Friday, April 18, 2008

Carter meets Hamas supremo in Damascus

Bashar al-Assad (R) meets with Jimmy Carter
©AFP - Louai Beshara

DAMASCUS (AFP) - Former US president Jimmy Carter met exiled Hamas leader Khaled Meshaal in the Syrian capital on Friday despite strong opposition from Israel and the White House.

The controversial meeting was being held at a Hamas office and attended by top Islamist leaders Musa Abu Marzuq and Mohmmed Nazzal, an AFP photographer at the scene said.

Abu Marzuq said Carter and Meshaal would discuss the fate of Corporal Gilad Shalit, an Israeli soldier captured by Hamas and other Palestinian militants in June 2006.

"They will also hold talks on a truce (with Israel) and ending the sanctions on the Palestinian people," he told AFP ahead of the meeting.

Carter, who is on a regional tour to promote Middle East peace, earlier met Syrian President Bashar al-Assad.

State news agency Sana later said they discussed the peace process and relations between the two countries.

The two men expressed "their support for dialogue in arriving at political solutions to problems" and considered it important to "mobilise efforts to reduce the suffering of the Palestinians and to lift the (Israeli) blockade" on the Gaza Strip.

Carter is on a nine-day regional tour that has already seen him visit Israel, the West Bank and Egypt, where on Thursday he met with top Gaza-based Hamas leaders Mahmud Zahar and Said Siam.

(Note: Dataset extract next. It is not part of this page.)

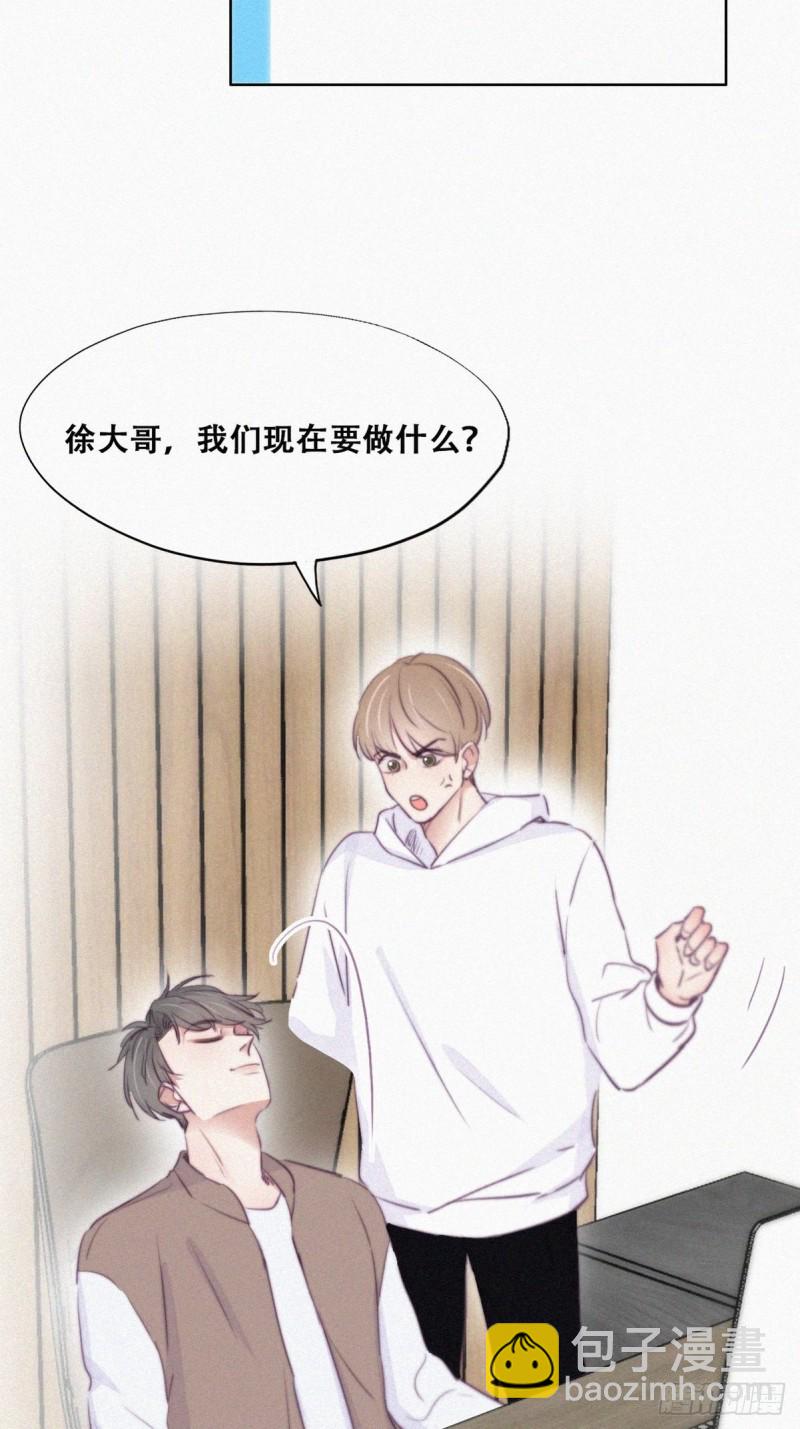 第111话 摆新年一道14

That meeting took place in Cairo after Israel barred the former president from visiting the Gaza Strip, which the Islamists have ruled since seizing it in June.

Khaled Meshaal
©AFP/File - Ramzi Haidar

"We had common points of view and the talks will continue today during the meeting with the political leadership of Hamas in Damascus," Zahar said in a telephone interview with AFP from Gaza.

"President Carter talked of humanitarian proposals linked to the truce," he said in reference to attempts to halt the bloodshed in Gaza, where 18 Palestinians and three Israeli soldiers were killed in the latest explosion of violence on Wednesday.

Israel has snubbed Carter, winner of the 2002 Nobel Peace prize, over his plans to talk with Hamas, considered a terrorist organisation by the Jewish state, the United States and European Union.

However, Israeli minister Eli Yishai says he is ready to meet Meshaal to negotiate the release of prisoners held by the Islamist movement, according to Friday's Haaretz daily.

Jimmy Carter
©AFP/File - Cris Bouroncle

"I am ready to meet with all necessary Hamas members," the newspaper quoted the deputy prime minister as telling former Carter during a meeting this week.

During the Israeli leg of his visit, Carter met Shalit's parents and pledged to take up with Meshaal calls for his release.

Washington has said the former president, seen as the architect of the historic 1979 Egypt-Israel peace treaty, is acting in a personal capacity.

In Beirut, US Assistant Secretary of State for Near Eastern Affairs David Welch said Carter's conversations with Hamas leaders risked being "misrepresented."

"We are concerned to advance peace here. We see no intention on the part of Hamas in doing so and there is some risk that these conversations will be misrepresented by Hamas," he said.

But Carter insists he is not acting as a mediator and has been urging talks with Hamas and Syria, saying peace cannot be reached without them.

"I think it's absolutely crucial that in a final dreamed-about and prayed-for peace agreement for this region that Hamas be involved and that Syria be involved," he said in Israel on Monday.

Carter's tour will also include US allies Saudi Arabia and Jordan.